# Task directions
Reproduce exactly, from the data that follows, the line with "XL Photo 10", the line with "4403 Eagledale Court Fort Wayne IN 46816", and every line that lies between them.

# Exercise data
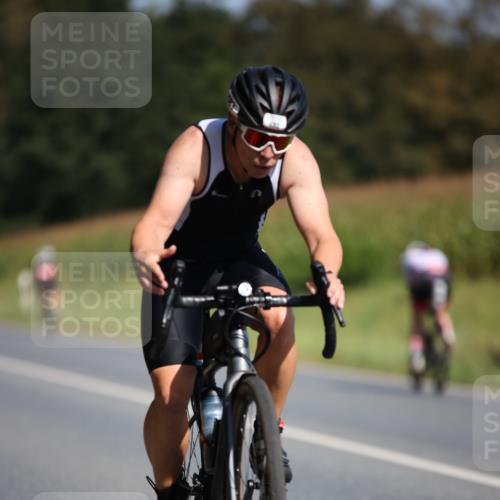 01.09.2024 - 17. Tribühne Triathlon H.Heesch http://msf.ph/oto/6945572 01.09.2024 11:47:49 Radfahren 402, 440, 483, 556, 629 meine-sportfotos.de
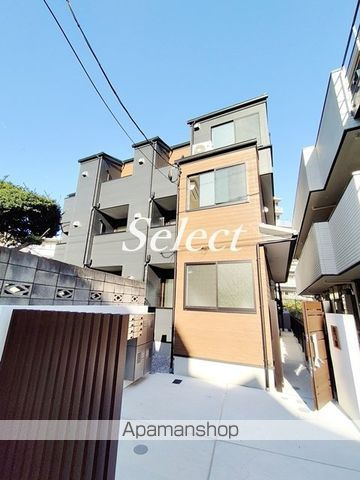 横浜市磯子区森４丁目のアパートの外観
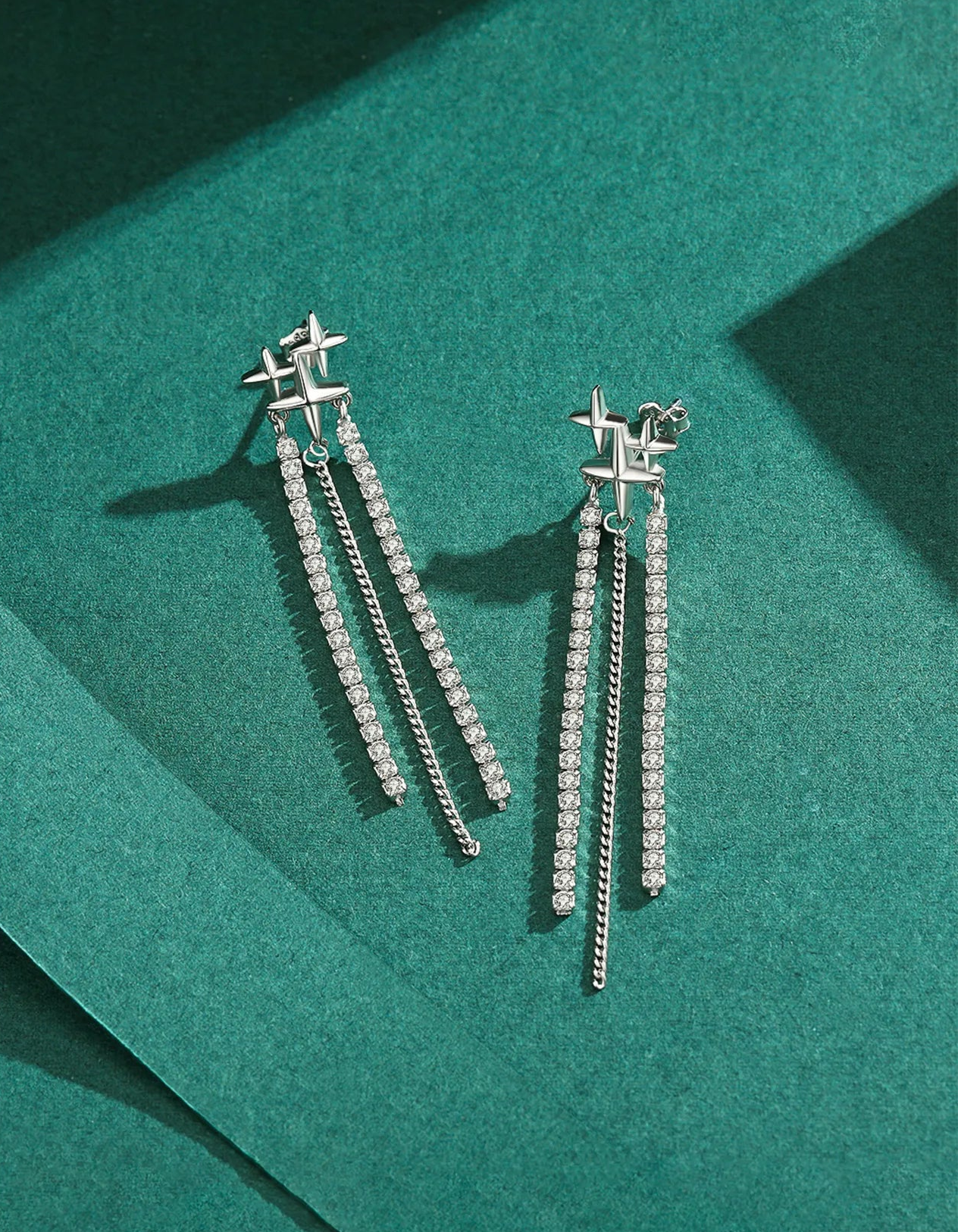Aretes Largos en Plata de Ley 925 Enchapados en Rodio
---
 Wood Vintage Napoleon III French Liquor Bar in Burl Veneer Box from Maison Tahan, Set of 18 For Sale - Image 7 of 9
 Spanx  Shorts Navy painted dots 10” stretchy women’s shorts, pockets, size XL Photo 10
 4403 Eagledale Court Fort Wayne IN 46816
---
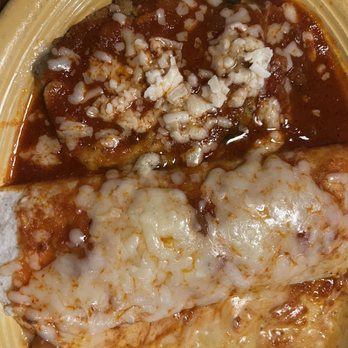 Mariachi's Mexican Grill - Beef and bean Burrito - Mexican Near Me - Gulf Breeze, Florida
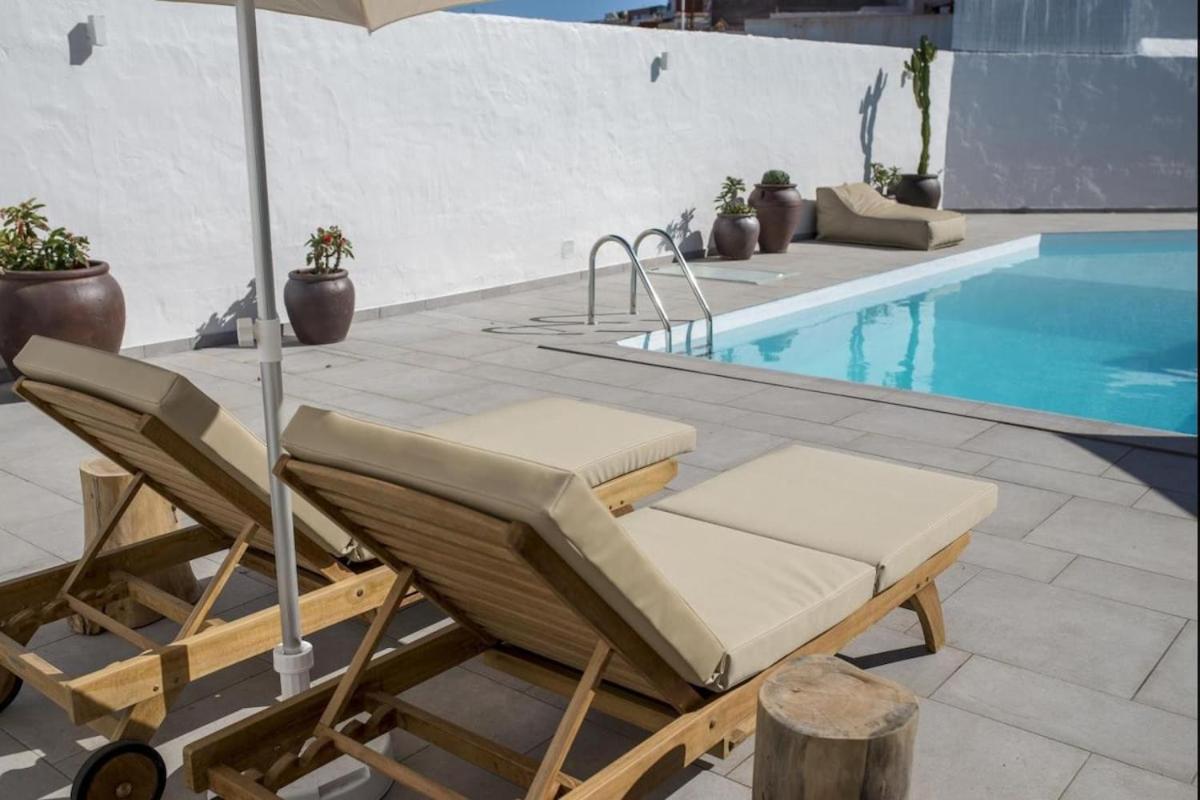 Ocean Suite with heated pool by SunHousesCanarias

# Answer box
 Spanx  Shorts Navy painted dots 10” stretchy women’s shorts, pockets, size XL Photo 10
 4403 Eagledale Court Fort Wayne IN 46816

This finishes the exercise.